North Sydney candidate Kylea Tink and Bradfield candidate Nicolette Boele attended a fundraising gala dinner hosted by the fledgling Alice in Wendyland Charity Ltd on April 29. Liberal Ryde mayor Jordan Lane and former state Liberal MP Helen Sham-Ho also attended the function at Haymarket restaurant The Eight.
Speaking from notes, Boele said there was fault on both sides in the breakdown of Australia-China relations but “in my opinion, the government is unable and unwilling to pick up the phone to Beijing”.
“Australia needs to establish a relationship with China built on mutual respect. You can’t talk about China unless you can talk to and with China,” she said.
“Australia and China have had strong relationships in the past – in fact this is the 50th year of our relationship, and we can have strong relationships again, we just need the political will.”

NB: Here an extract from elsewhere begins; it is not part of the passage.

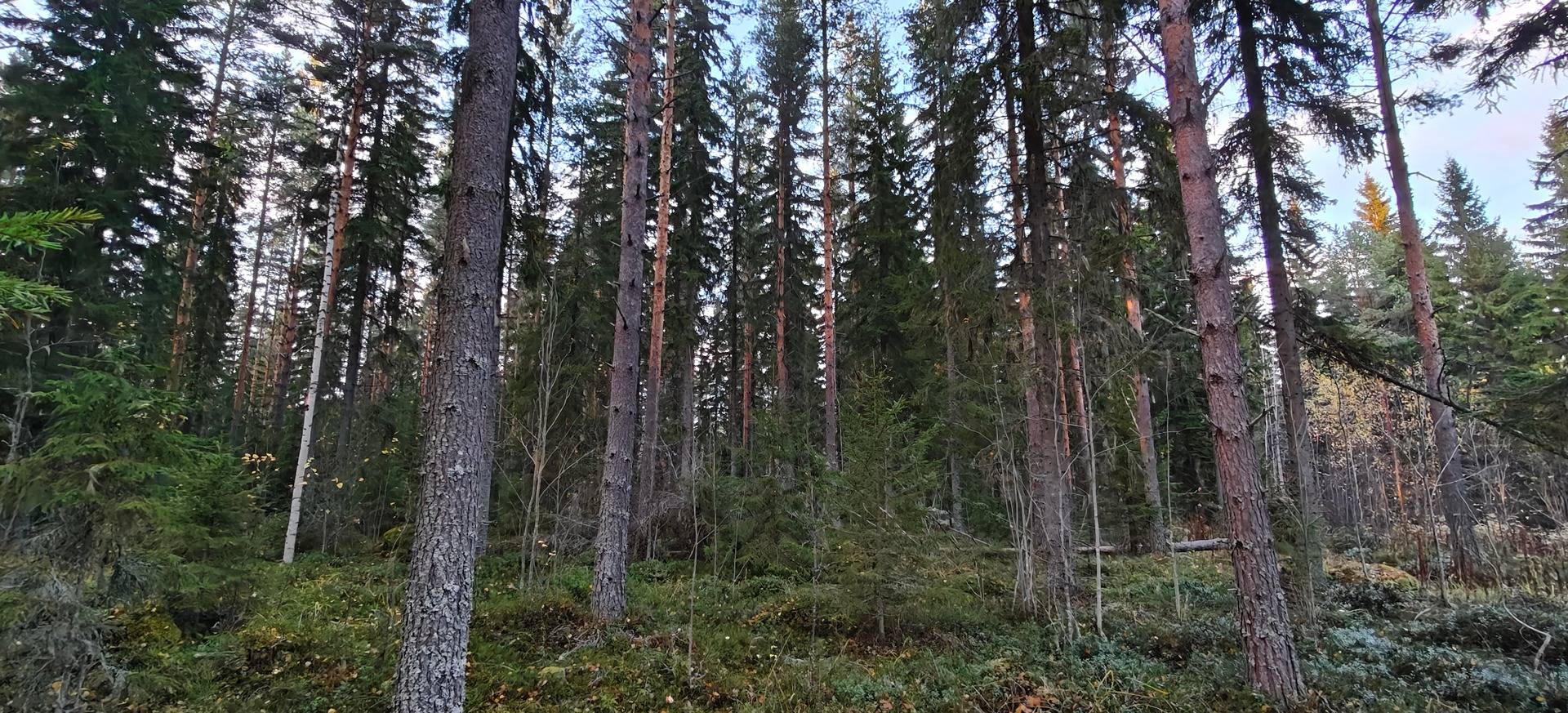 Varanen, Kallioniemi 216-405-2-135 1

Tink did not address China in her unscripted remarks, but while she was on stage, a translator told the audience in English: “We want to change the government. We want to change the relationship between China and Australia. We need your vote and we need your support.”

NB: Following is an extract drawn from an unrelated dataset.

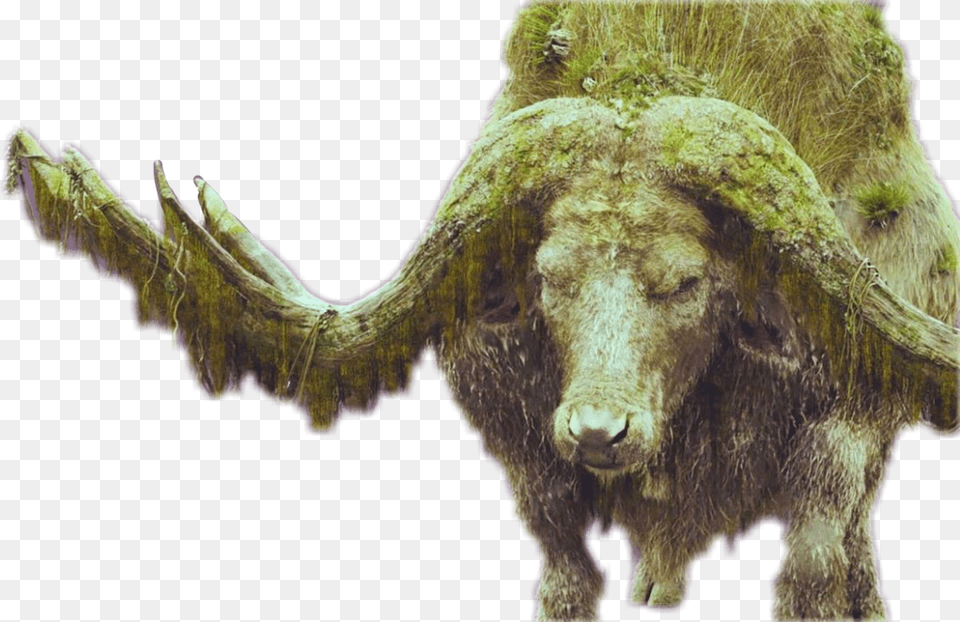 Sker Buffalo Kong Skull Island Sker Buffalo, Animal, Mammal, Wildlife, Bull Free Png Download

The Coalition seized on the remarks, with campaign spokesman Simon Birmingham saying it was “scary to see a candidate in this election stand there grinning and nodding right next to someone parroting Chinese Communist Party (CCP) talking points”.
China maintains Australia is to blame for the poor relations between the two countries. Last year foreign ministry spokesman Zhao Lijian said the Australian side must “face up to the crux of the setbacks” and decide whether it sees China as a partner or a threat.
Alice in Wendyland Charity Ltd was registered last June with ASIC, the corporate regulator, but not with the Australian Charities and Not-for-profits Commission. Its website says it raises money for disadvantaged children. Tickets to the gala dinner started at $128.
One of the event’s sponsors was the Australia China Economics Trade and Culture Association, an organisation which China influence expert Clive Hamilton claims is part of the CCP’s United Front Work Department. The ACETCA denies this, previously labelling it “absurd”.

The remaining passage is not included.